Open tasks promote a growth mindset

Summary

  • Open tasks promote a growth mindset because they provide opportunities to struggle and understand content more deeply.
  • Small changes in tasks can reinforce “learning,” not just “performing.”
  • Asking students to make choices in tasks spurs a learning process.
  • To see similar videos about growth mindset in math, sign up for Professor Jo Boaler’s course, How to Learn Math, and check out youcubed.org.

Open tasks promote a growth mindset because they provide opportunities for students to struggle and understand content more deeply. When tasks are opened up to give more space for learning inside them, then students are more likely to shift from seeing math as a performance subject to seeing math as a learning subject. Let's hear more about what that means and see an example from Professor Jo Boaler, a math education expert from Stanford University.

Professor Jo Boaler, Mathematics Education Expert, Stanford University: So the big point is that tasks need to give students the space to learn and to see that math means learning, not just performing. So what does that mean? Even a small change can make that difference. For example, a really classic math problem that you'll see in textbooks is find the perimeter of this shape.

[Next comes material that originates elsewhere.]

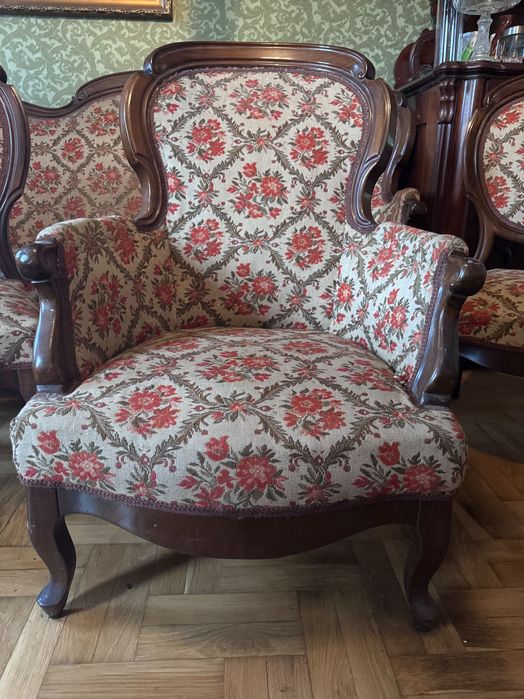 Komplet mebli w stylu Ludwik Filip : Sofa - 2 fotele - 5 krzeseł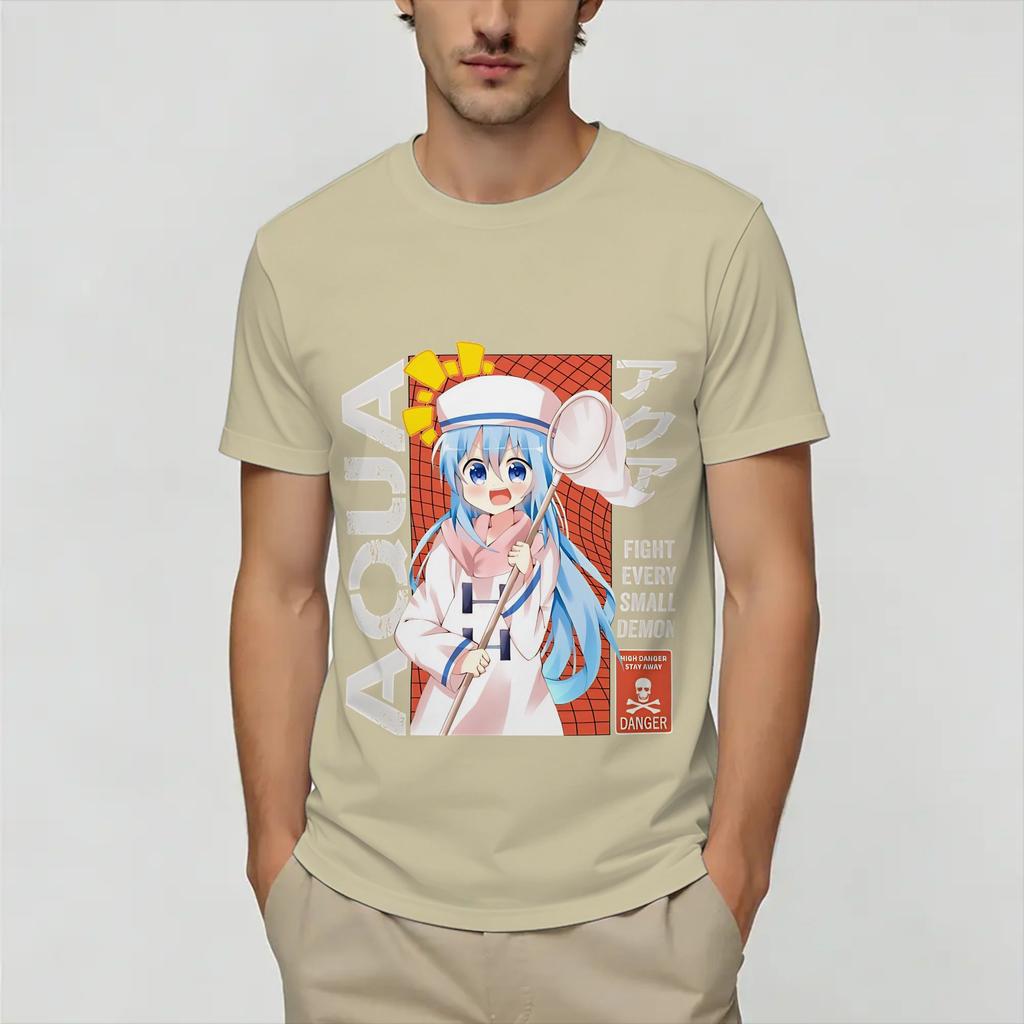 Унисекс футболки Мегумин KonoSuba Повседневные футболки из чистого хлопка с коротким рукавом, круглая горловина, одежда 4XL 5XL 6XL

Now, if we change that question to, “Can you construct two different rectangles with a perimeter of 26,” we change completely what students do. In the first one, they're coming up with an answer. In the second one, we're asking them to make choice, and this evokes the thought process for students. They also change from thinking, “I'm finding the answer” to “I am thinking, learning, and growing,” even though this is assessing exactly the same mathematics.

Now I wouldn't say that finding two rectangles with a certain area is a great task by any means, but it illustrates the process of moving from performing to growing and thinking.